Zwiedzanie muzeum rozpoczęłam od sesji zdjęciowej gigantycznej  opuncji, a następnie eukaliptusów – pięknie kwitnących na żółto. Sam teren muzeum nieco rozczarowuje, mieliśmy wrażenie, że można było całość pokazać atrakcyjniej, np. budując makiety jak mogły wyglądać budynki, których zachowane fragmenty oglądaliśmy. Brakowało nam też opisów tego co widzimy. Znacznie ciekawsze są sale wystawowe, w których prezentowane są dawne przedmioty odnalezione w czasie prac wykopaliskowych. Podczas zwiedzania ekspozycji podziwialiśmy kunszt rzeźbiarza, który 4-5 wieków przed naszą erą z niezwykłą precyzją wykuwał w kamieniu sentencje poetów. Zachwyt budziły też przedmioty codziennego użytku – misy, wazy, dzbanki, ozdoby. Ciekawym obiektem jest gliniana wanna – zdecydowanie zbyt krótka by współcześnie można się było w niej wygodnie wykąpać, której powstanie datowane jest na późną epokę miedzi (poprzedzającą epokę brązu). Mieliśmy niemiłe uczucie, że nasi przodkowie w tym czasie odziewali się w skóry i daleko było jeszcze do skodyfikowania naszego języka i korzystania z wanny. W niewielkiej sali telewizyjnej wyświetlany jest film o historii miejsca, a miły chłód panujący wewnątrz zachęca do pozostania tam nieco dłużej. 
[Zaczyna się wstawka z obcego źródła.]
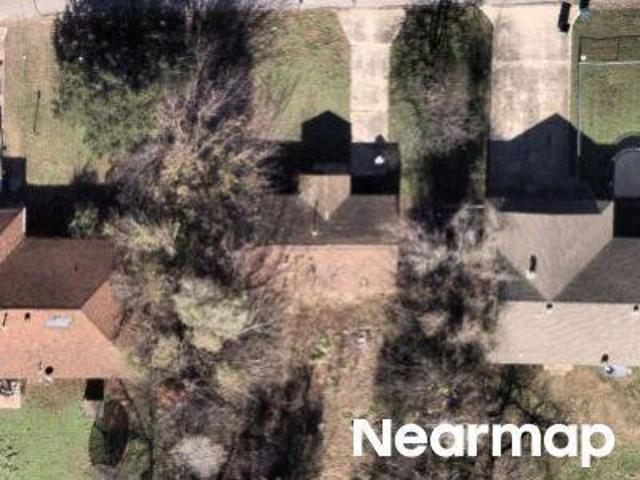NE 46th St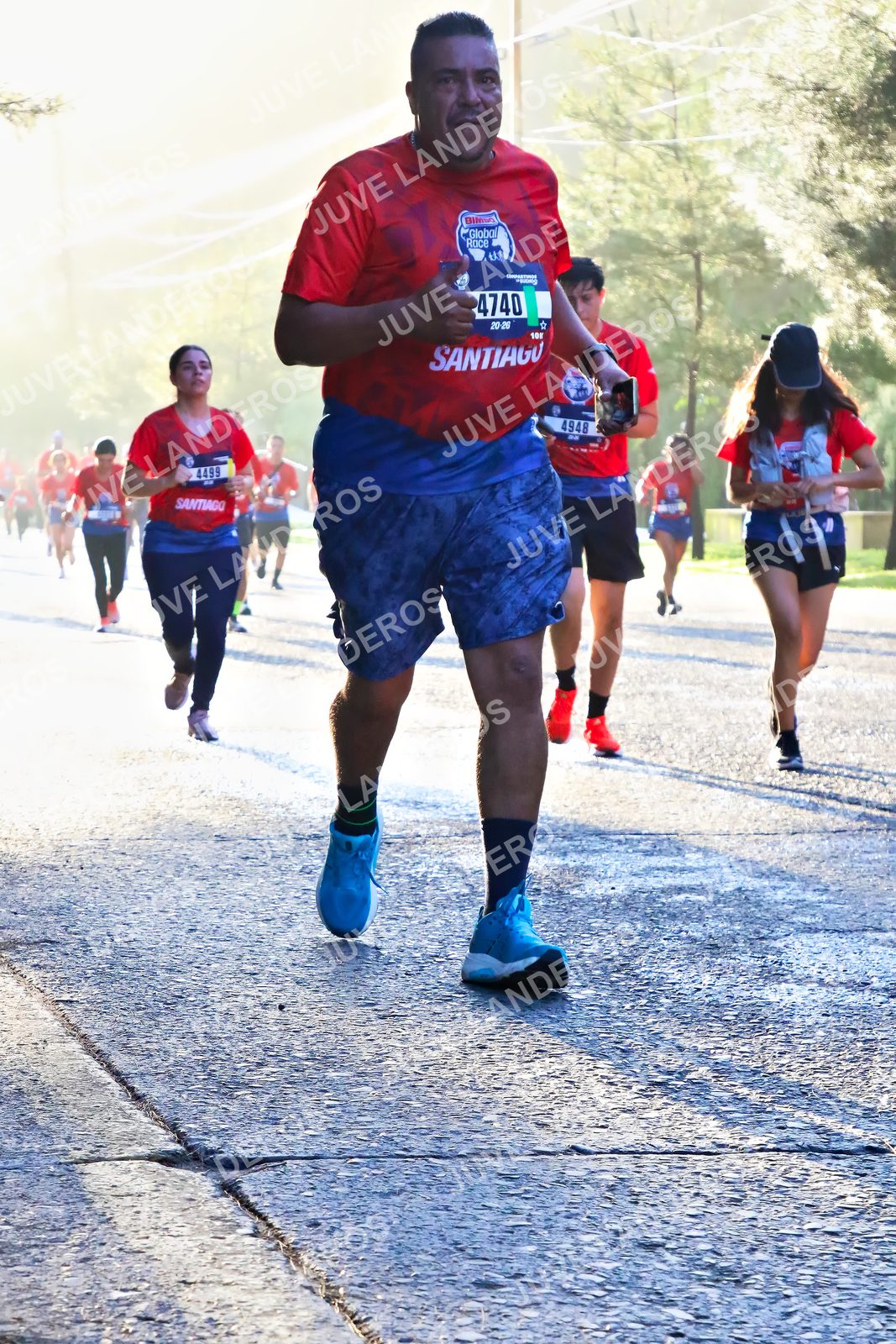 Foto de la CARRERA BIMBO GLOBAL RACE GUADALAJARA en Centro Comercial Andares, Blvd. Puerta de Hierro 4965, Zapopan a las 07:27 · dorsal 4740, 4948, 4499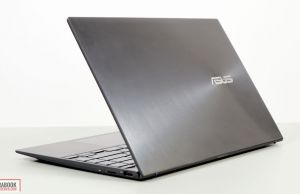 Asus ZenBook 14 UX425JA exterior design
Po spacerze i ok. 25 przejechanych kilometrach trochę zgłodnieliśmy. Kouklia to miejsce klimatyczne, w którym można poczuć ducha wyspy, który ma czas, nigdzie się nie spieszy, jest przyjaźnie nastawiony do życia, ludzi i zwierząt (szczególnie tych, wymienionych w restauracyjnych menu). Przy skrzyżowaniu głównych dróg jest kilka niewielkich tawern ze stolikami wystawionymi na zewnątrz lub skrytymi w cieniu werandy, ze starszymi mężczyznami leniwie grającymi w tradycyjne gry. Nikt się nie spieszy, kierowcy przejeżdżający samochodami głośno i radośnie pozdrawiają znajomych siedzących przy stolikach. Wakacje każdego dnia.
Po posiłku (wybornym panierowanym bakłażanie) ruszyliśmy dalej. Jak było pod górę, tak musi też być w dół, więc zgodnie z tą zasadą ruszyliśmy „z górki na pazurki” - szybki i intensywny zjazd, przerwany jedynie krótką wizytą na wiejskim cmentarzu, doprowadził nas z powrotem do drogi B6 biegnącej w kierunku Limassol i do celu naszej podróży. Po niedługiej jeździe szosą, wypatrzyliśmy znak „Petra Tou Romiou – nature trail” – szlak pieszo-rowerowy wytyczony na terenie Leśnego Parku Narodowego Petra Tou Romiou.
Zjechaliśmy na cudowną, gruntową ścieżkę, biegnącą na krawędzi urwiska, prowadzącą w górę i w dół, po kamieniach i po nieco bardziej wyrównanej nawierzchni – coś fantastycznego! A do tego widoki zapierające dech w piersiach! Migocząca w promieniach zachodzącego słońca woda, soczysta zieleń w dolinach, skały wyrastające z morza – można tak bez końca. A do tego trochę rowerowego wysiłku, przy lepszej lub gorszej współpracy sprzętu (przerzutki w moim bicyklu odmawiały posłuszeństwa, a hamulce zgrzytały jakby już zdążyły zapomnieć o czymś takim jak klocki hamulcowe). Warto było porzucić nudę i komfort oferowane przez asfalt. W końcu zdecydowaliśmy się zawrócić w kierunku domu nie dojechawszy do słynnej skały – nie wiedzieliśmy ile jeszcze drogi przed nami, słońce chyliło się ku morzu, by schować się w jego odmętach, a do domu mieliśmy ok 30 km jazdy (po lewej stronie drogi...). Aż żal było opuszczać tę piękną, malowniczą ścieżkę, która jednak nie doprowadziła nas do miejsca narodzin bogini (później przeczytaliśmy, że łatwo jest przeoczyć dojście do skał). Po drodze minęliśmy miejsce przygotowane dla turystów – z parkingiem, zacienionymi stolikami, fontanną z pitną wodą i … ścieżką prowadzącą na dół, na plażę u podnóża góry Afrodyty. Widzieliśmy ścieżkę, wiedzieliśmy plażę, ale nie dostrzegliśmy skały, którą oglądaliśmy wcześniej na zdjęciach, więc pojechaliśmy dalej.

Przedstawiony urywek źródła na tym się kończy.